Funnily enough, just as I typed that a sale came in. And that’s what they have been doing ever since release. At release I was getting several sales a day! With Minim and iWriter I was used to maybe one every day after an update for the first week, maybe 1 or 2 a week later on but several sales a day was a new milestone for me and it didn’t stop after the first week, in fact it took a whole month for sales to truly slow down and start getting sluggish.
Now and beyond
So here we are, on the 25th of November 2007. 2 years to the day since I released iWriter 1.0. Earlier this week we released Minim 1.2 and within the next few weeks we’re hoping to get Code Collector Pro 1.1 out. But while M Cubed Software is celebrating it’s 2nd birthday today it’s really taken 12 years to get to this point. 12 years of hard work, of planning, of success and of failure. But most of all it’s been 12 years of having a dream and believing in it. The dream is becoming an indie dev and while I’m not there yet I believe I can be soon. Will it take another 2 years or another 12, I don’t know, but I know that I’ll get there at some point as long as I believing.
(5) Comments
Comments
Happy 2nd birthday! That was a very good read, though it makes me feel old knowing how young you are [i graduated highschool in 1990!]. However, it gives me hope that someday soon, a Mac indie developer I shall be.

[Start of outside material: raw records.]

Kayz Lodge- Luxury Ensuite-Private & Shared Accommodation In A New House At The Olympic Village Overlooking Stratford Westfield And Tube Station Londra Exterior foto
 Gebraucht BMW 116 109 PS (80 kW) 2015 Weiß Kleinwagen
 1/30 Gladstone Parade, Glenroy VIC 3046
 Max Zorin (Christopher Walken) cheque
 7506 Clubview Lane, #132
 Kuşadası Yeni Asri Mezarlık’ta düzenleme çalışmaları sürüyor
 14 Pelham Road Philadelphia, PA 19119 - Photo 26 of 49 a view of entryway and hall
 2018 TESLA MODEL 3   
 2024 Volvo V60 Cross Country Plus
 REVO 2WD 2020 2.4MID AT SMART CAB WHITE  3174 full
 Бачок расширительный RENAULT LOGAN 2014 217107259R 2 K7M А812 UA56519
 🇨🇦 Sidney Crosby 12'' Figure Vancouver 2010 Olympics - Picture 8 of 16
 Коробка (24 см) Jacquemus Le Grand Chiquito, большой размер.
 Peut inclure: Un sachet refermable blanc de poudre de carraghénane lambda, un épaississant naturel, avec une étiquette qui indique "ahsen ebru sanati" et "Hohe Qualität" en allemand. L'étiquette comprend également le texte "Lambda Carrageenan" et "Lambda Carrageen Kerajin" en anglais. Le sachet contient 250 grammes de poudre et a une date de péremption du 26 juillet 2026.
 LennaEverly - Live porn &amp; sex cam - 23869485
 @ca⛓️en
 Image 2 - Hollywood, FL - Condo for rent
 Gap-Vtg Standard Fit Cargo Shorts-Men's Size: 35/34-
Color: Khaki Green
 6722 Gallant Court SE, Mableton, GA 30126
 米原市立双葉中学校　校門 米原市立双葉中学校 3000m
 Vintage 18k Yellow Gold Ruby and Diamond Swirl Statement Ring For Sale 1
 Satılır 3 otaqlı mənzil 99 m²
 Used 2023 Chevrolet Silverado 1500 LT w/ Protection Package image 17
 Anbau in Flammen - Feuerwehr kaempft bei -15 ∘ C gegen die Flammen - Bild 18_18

Keep up the good work and I wish you much, much success!!
Posted by Vince LaMonica on 26/11/2007 at 03:05 AM
Happy Birthday!
Posted by Paul Robinson on 26/11/2007 at 04:14 AM
Happy b-day and well done!
-Kenneth
PS: ‘It was a music notation application and I believe the first one on the Mac to take advantage of MIDI.’ - that isn’t correct… I’ve had (well, my family had) Cubase which does exactly that, and very well too, since 1990.